Operating Expenses. Operating expenses were $52.1 million for fiscal 1997,
representing an increase of $15.0 million, or 40.4%, as compared to $37.1
million for fiscal 1996. As a percent of net sales, operating expenses increased
from 20.4% for fiscal 1996 to 22.7% for fiscal 1997. The increase in operating
expenses and operating expenses as a percent of net sales was primarily
attributable to increased selling and marketing expenses and higher general and
administrative expenses due to increased levels of promotional and sales
activities, including variable commission expense relating to Changes
International, and the hiring of additional administrative staff.
Income from Operations. Income from operations was $52.1 million for
fiscal 1997, representing an increase of $9.4 million or 22.1% as compared to
$42.7 million for fiscal 1996. Income from operations margin decreased to 22.7%
of net sales for fiscal 1997, as compared to 23.5% of net sales for fiscal 1996.
The increase in income from operations for 1997 was primarily due to the
Company's higher sales volume together with higher gross margins, offset in part
by higher operating expenses. The decrease in operating margin as a percent of
net sales in 1997 was due to higher operating expenses as a percent of net
sales, partially offset by increased sales volumes together with higher gross
margins.
Other Income (Expense). Other expense was $12.1 million for fiscal 1997,
as compared to $25.1 million for fiscal 1996. The net decrease of $13.0 million
is primarily attributable to $15.7 million of nonrecurring non-competition
agreement expense and transaction expenses which were incurred in 1996 in
connection with the Transactions offset by an increase in net interest expense
of $2.7 million resulting from increased borrowings during 1997 as compared to
1996.
Income Taxes. The Company consisted of "S" Corporations through the
consummation of the Acquisition on May 7, 1996. Accordingly, federal and state
taxes were generally paid at the shareholder level only. The provision for
income taxes through May 7, 1996 represented state taxes for New York, which
imposes a corporate tax for all income in excess of $0.2 million. Upon
consummation of the Transactions, the Company eliminated its "S" Corporation
status and, accordingly, became subject to Federal and state income taxes.
PR*Nutrition was an "S" Corporation prior to its acquisition on August 21, 1998
Accordingly, federal taxes were generally paid at the shareholder level only.

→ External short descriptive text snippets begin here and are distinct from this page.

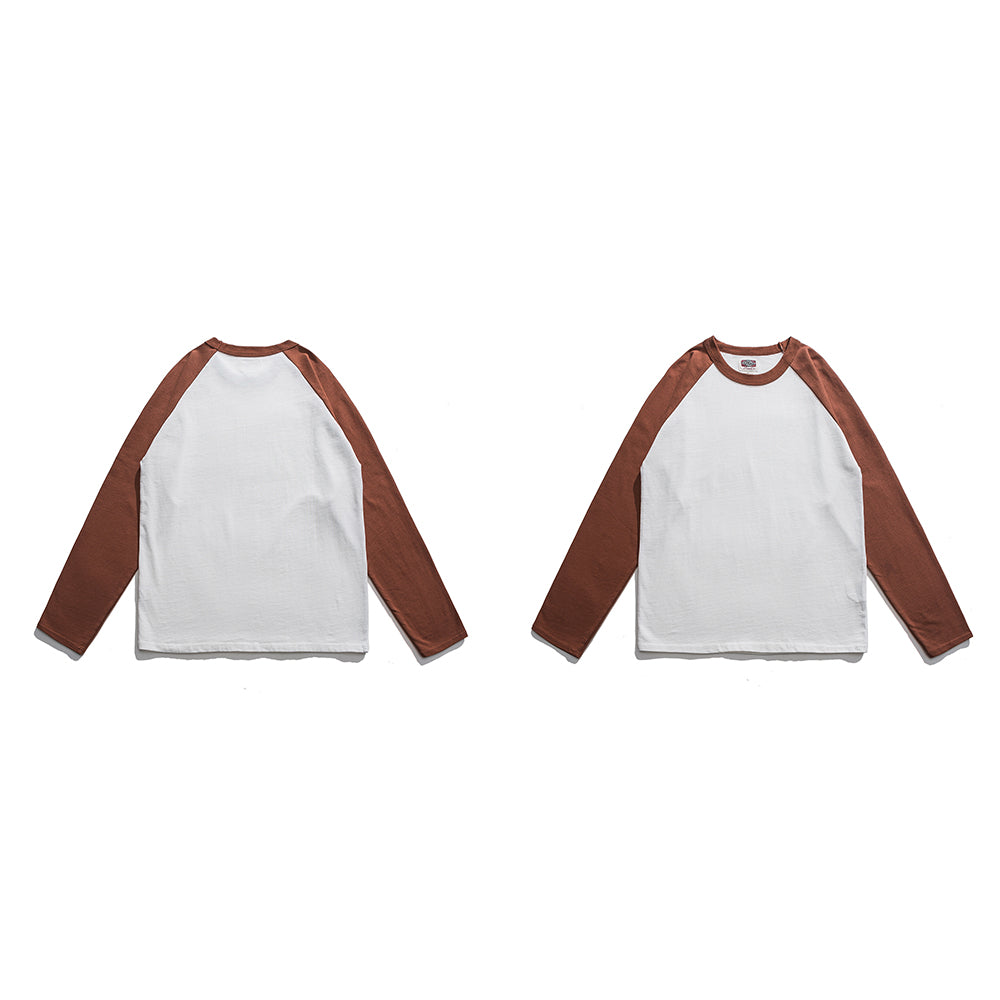CREW-NECK RAGLAN 100% CUTTON RETRO COLOR CONTRAST LONG SLEEVES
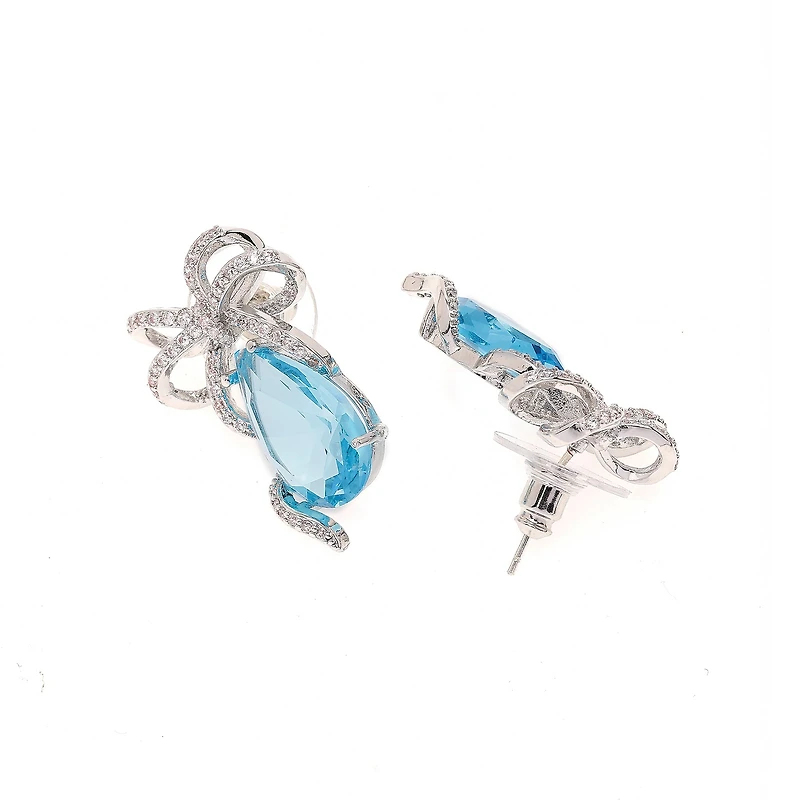 AGP PARIS Womens Charming Light Blue Drop Earrings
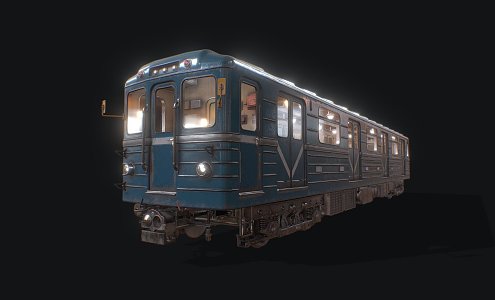 INDUSTRIAL LOFT TRAIN OLD SUBWAY OLD TRAIN 3d model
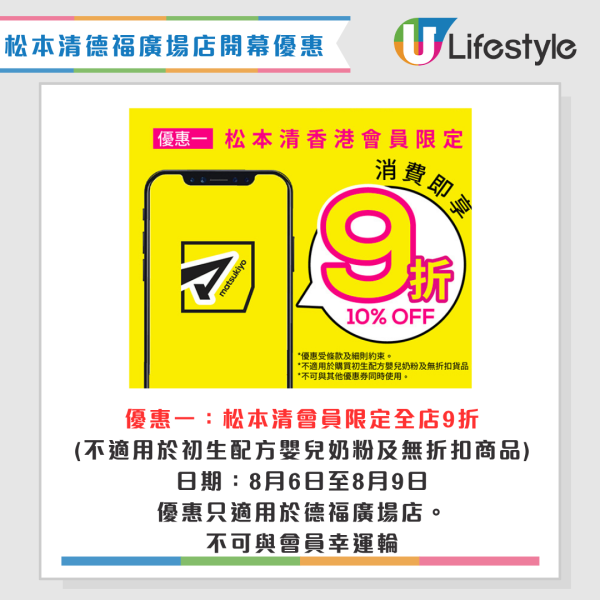 松本清xCHIIKAWA 消費滿額送收納袋!九龍灣德福分店8月開幕!新張優惠全店9折/送$30優惠券+購物袋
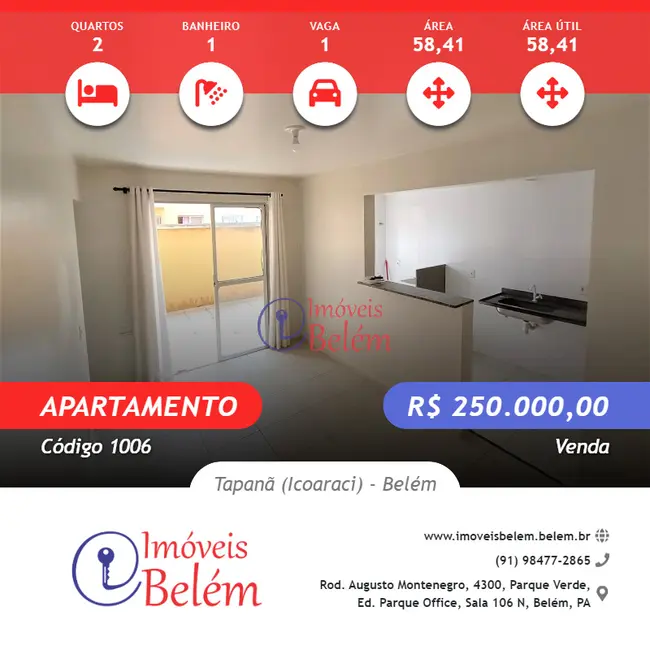 Foto 1 de Apartamento com 2 quartos à venda, 58m2 em Tapanã (Icoaraci), Belem - PA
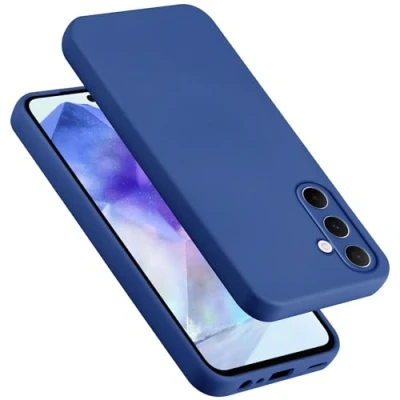 Abbildung von Cadorabo Hülle kompatibel mit Samsung Galaxy A55 Silikon Handyhülle für Case aus flüssigem Silikon, Kratzfeste und stoßfeste Schutzhülle Liquid BLAU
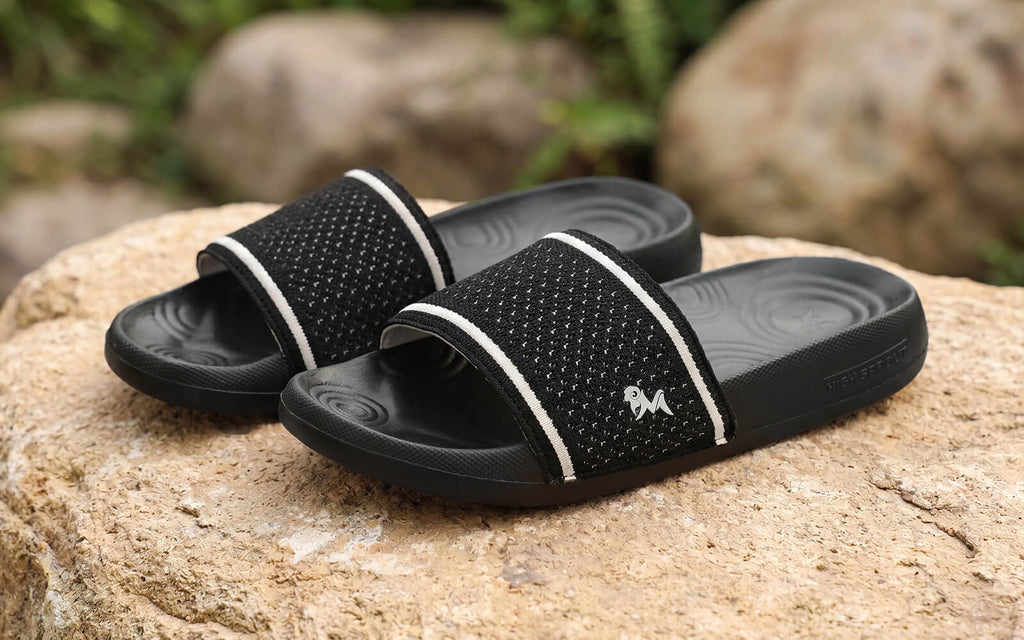 High Sprout Knitro Slides For Men : Black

The PR*Nutrition provision for taxes for the years ended December 31, 1996, and
1997 and through August 21, 1998 included state taxes only. The consolidated
Statements of Income include pro forma information which reflects adjustments
to historical net income as if the company and PR*Nutrition had not elected "S"
Corporation status for income tax purpose.
Liquidity and Capital Resources
For fiscal 1998, cash provided by operating activities was $13.9 million,
as compared to $14.9 million for fiscal 1997 and $28.2 million for fiscal 1996.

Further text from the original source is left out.